Lugz is a boot and athletic brand by family-owned Jack Schwartz Shoe Company Inc., (JSSI). The brand was established in October 1993, and was aimed toward the urban fashion consumer. Lugz is sold in major retailers worldwide and offered in men's, women's and kid's styles in 93 countries.

History 

With the launch of its first boot line, Lugz gained admiration from notable people in the music and entertainment worlds, leading to many unique collaborations. One collaboration led Lugz to its first ever celebrity-endorsed, "Funk Master Flex" urban driving shoe. Then, a collaborative line with hip-hop artist, Bryan "Baby" Williams, aka "Birdman" soon followed,  in addition to other endorsers including, Snoop Dogg, Orange County Choppers, and athletes from UFC and MMA.

The popularity of the brand began to grow as radio personality Howard Stern began promoting the brand on his show.  Lugz was also appearing in music videos for artists such as B.I.G. (Biggie Smalls) and Dr. Dre; Will Smith, Jamie Foxx, NBA Basketball Players, NFL Football Players, and MLB Baseball Players were all supporting the brand by adding them to their street style. In February 2000, Lugz launched their first interactive website where consumers could finally purchase shoes online at Lugz.com.
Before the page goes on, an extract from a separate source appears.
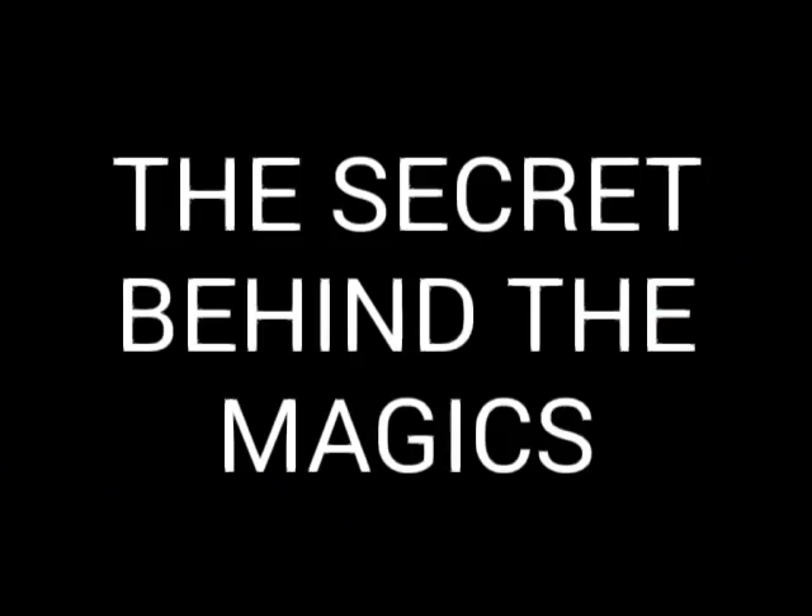Hi guys, now I am going to reveal the secret behind the 4 magic tricks I showed you. The secret behind the first magic — the first magic is the ring magic. There are 2 ring magics.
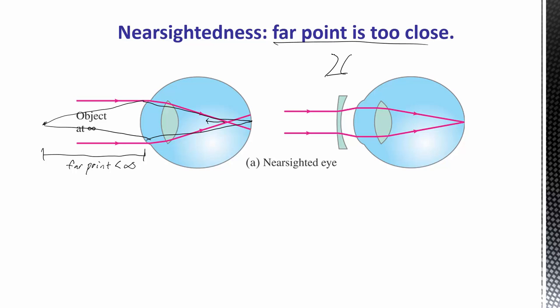For nearsightedness, we use a diverging lens. Most diverging lenses are double-concave, but for glasses and contacts they're made thinner in the middle and fatter on the edges, which achieves the same diverging effect. This spreads the rays out so they can be focused at the retina. For nearby objects, the diverging lens spreads them out more, but you're still able to accommodate and pull those rays in — it might bring your near point out a bit, as we'll see in an example.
In 2006, Orange County Choppers, signed on to endorse Lugz which seemed to be a good fit as they were already fans of the shoes. With its aggressive "built for the streets reputation", Lugz collaborated with Paul Teutul Jr. to design a signature Lugz shoe, "The Torx." Also that same year OCC and Lugz collaborated on a custom Lugz chopper. In 2009, the chopper was presented to the Bluff Poker Player of The Year.

In the fall of 2008 Lugz entered the Mixed Martial Arts scene signing its first two MMA fighters, Lyoto Machida and Houston Alexander, as endorsers. Machida captured the title of UFC Light Heavyweight Champion as he represented Lugz.  With MMA becoming a fast growing sport/entertainment platform with an increasingly growing fan base, Lugz later signed Quinton "Rampage" Jackson. In 2010, Cain Velasquez became the newest endorser of Lugz. Immediately after signing Cain, he fought to become UFC World Heavyweight Champion, and was the reigning champ in 2013.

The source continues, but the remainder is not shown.